This post was imported from my old Drupal blog. To see the full thing, including comments, it's best to visit the Internet Archive.

In my last post about RDFa and HTML I talked about how one of the gulfs that separates the HTML5 and Semantic Web communities is the attitude to the resolvability of property (and class) URIs.

I’m currently experimenting with introducing the ability to automatically locate information about properties and other resources that are referenced within triples to rdfQuery, so now is a good time, as far as I’m concerned, to look more closely at what the ability to resolve properties gives you and how to avoid problems if the property URI is (temporarily or permanently) unresolvable or resolvable to something new.

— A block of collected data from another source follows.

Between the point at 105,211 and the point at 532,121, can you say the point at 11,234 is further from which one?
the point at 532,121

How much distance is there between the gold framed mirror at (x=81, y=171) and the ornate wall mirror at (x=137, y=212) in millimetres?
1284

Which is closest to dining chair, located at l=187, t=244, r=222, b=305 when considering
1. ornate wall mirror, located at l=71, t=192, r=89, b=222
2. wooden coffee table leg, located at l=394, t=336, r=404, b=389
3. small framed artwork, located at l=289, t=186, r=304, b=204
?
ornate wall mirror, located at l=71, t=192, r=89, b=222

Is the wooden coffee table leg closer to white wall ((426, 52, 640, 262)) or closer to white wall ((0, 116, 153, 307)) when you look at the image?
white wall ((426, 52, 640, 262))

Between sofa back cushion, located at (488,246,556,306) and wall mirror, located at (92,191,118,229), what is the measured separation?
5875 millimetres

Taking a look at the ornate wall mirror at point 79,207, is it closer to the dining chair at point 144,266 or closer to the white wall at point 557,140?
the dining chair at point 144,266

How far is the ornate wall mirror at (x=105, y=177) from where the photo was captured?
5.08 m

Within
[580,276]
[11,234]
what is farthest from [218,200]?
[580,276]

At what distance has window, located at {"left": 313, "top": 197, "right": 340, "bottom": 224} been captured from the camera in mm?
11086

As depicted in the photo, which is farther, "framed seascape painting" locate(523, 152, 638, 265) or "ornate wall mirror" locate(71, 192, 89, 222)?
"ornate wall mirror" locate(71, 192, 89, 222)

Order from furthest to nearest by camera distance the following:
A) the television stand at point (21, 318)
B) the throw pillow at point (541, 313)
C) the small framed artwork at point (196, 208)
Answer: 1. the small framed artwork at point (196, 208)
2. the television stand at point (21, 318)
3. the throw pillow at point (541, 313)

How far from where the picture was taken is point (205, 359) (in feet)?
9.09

I’m going to attempt to answer:

  • How do or might applications use property and class URIs?
  • How can data and ontology publishers assist them in doing so?
  • What should frameworks (such as rdfQuery) do to help application developers?

Application Developers

We can divide applications using online data into three general categories:

  • data-specific applications are constructed around particular data sets that are known to the developer of the application; the visualisations that I’ve been doing are examples of data-specific applications
  • vocabulary-specific applications are constructed around particular vocabularies, wherever the data might be found that uses them; Google’s Social Graph API and Yahoo! SearchMonkey are examples
  • generic applications are constructed to navigate through any RDF that they find; Tabulator is one example

Most mashups are data-specific applications. When you, as a developer, create a data-specific application, the thing that you need to know most of all is what information the dataset contains. Part of that is working out the meaning of a particular property (or class). What the data publisher needs to do is make sure that the data they publish is documented.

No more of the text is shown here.